Boss
- Author: Mike Royko
- Language: English
- Genre: non-fiction
- Publisher: E.P. Dutton & Co. (hardcover), Signet/New American Library (paper)
- Publication date: 1971
- Publication place: United States
- LC Class: 79-133585

= Boss (book) =

1971 book by Mike Royko

Boss: Richard J. Daley of Chicago is a 1971 non-fiction book by Chicago Daily News columnist Mike Royko, about six-term Chicago mayor Richard J. Daley (1902–1976) and the political machine and municipal government over which Daley presided.

== Overview ==
Boss outlines Daley's Irish working-class origins and his step-by-step rise through the rough-and-tumble hierarchy of the Chicago Democratic party machine, until he was first elected mayor in 1955 and went on to become influential in national politics. The book describes patronage and political strong-arm tactics in vivid detail and contains stinging depictions of precinct captains, aldermen, bureaucrats, judges, the Chicago Police Department, and of Daley himself. The final chapters cover the turbulent 1960s, with social unrest surrounding the Civil Rights Movement, violent confrontations between protesters and authorities, and the notorious, rowdy Chicago Democratic convention in 1968. The book concludes in 1970 with a determined, unrepentant Mayor Daley still in office.

== Reception ==
Public and critical reception of Boss was solidly favorable and the book spent 26 weeks on The New York Times Best Seller list, from April 4 through September 26, 1971.

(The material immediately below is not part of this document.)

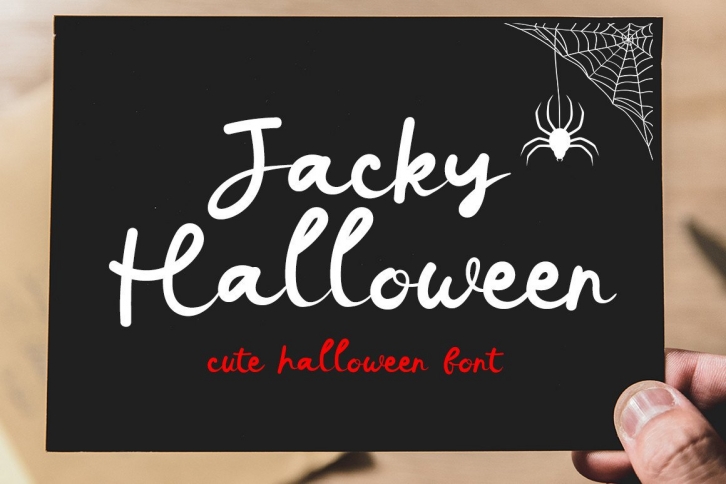 Jacky Halloween Font Download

Writing in The New York Times, Studs Terkel praised Royko as "Chicago's most incisive and impertinent journalist since Finley Peter Dunne" and added "only he could have written this book". Royko, said Terkel, writes with "a street wit, an elegant irony and a cool, though far from detached, indignation" to produce "a stunning portrait" that "probes not only into the psyche of a neighborhood bully but into the nature of the city that has so honored him".

Publishers Weekly called Boss a "classic" that gives "a detailed and, for some, eye-opening account of Daley's rise to absolute control of the Chicago Democratic political machine", adding that it "provides sardonic and sometimes hilarious reading".

Kirkus Reviews said that Royko "convincingly and energetically" describes Daley's rise and the many scandals and intrigues threaded through his career. "Without either sentimentality or moralism, Royko traces the integuments of machine politics: key offices; the significance of each scandal; the way Daley has used his dual status as party chairman and mayor to consolidate a one-man rule any Soviet apparatchik would envy".

In a retrospective 2012 review in The Huffington Post, Keith Koeneman (biographer of Daley's son, Richard M. Daley) recommended Boss as "one of the great books of American literature", saying it "has the qualities of a perfect photograph, capturing the unique essence of a person at a particular—and fleeting—moment in time".